*** INPUT DATA ***

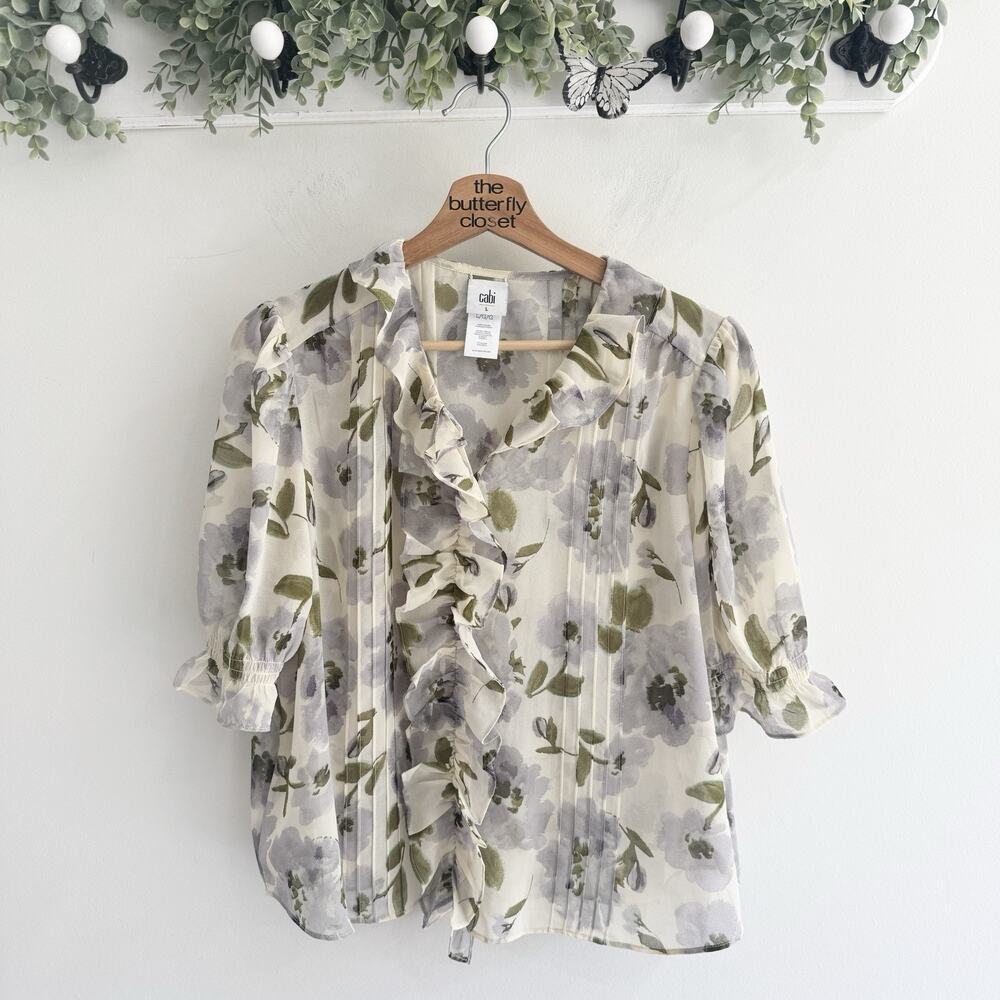 Cabi Cherish Floral Chiffon Top Ruffle Style 4720 Large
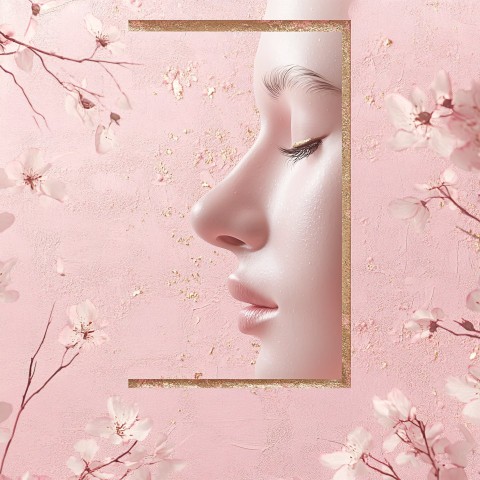 Anatomical Nose Illustration Post Cover with Pale Pink Background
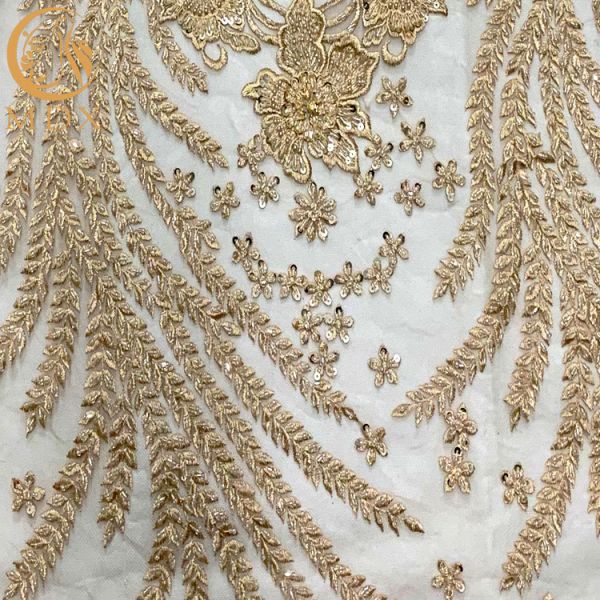 Luxury Gold Heavy Beaded Shiny Lace Fabric For Women Party Dresses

***

◆ **WHAT NEEDS TO BE DONE**: Set down the data again, exactly, without images.

◆ **SOLUTION BELOW**:
 Cabi Cherish Floral Chiffon Top Ruffle Style 4720 Large
 Anatomical Nose Illustration Post Cover with Pale Pink Background
 Luxury Gold Heavy Beaded Shiny Lace Fabric For Women Party Dresses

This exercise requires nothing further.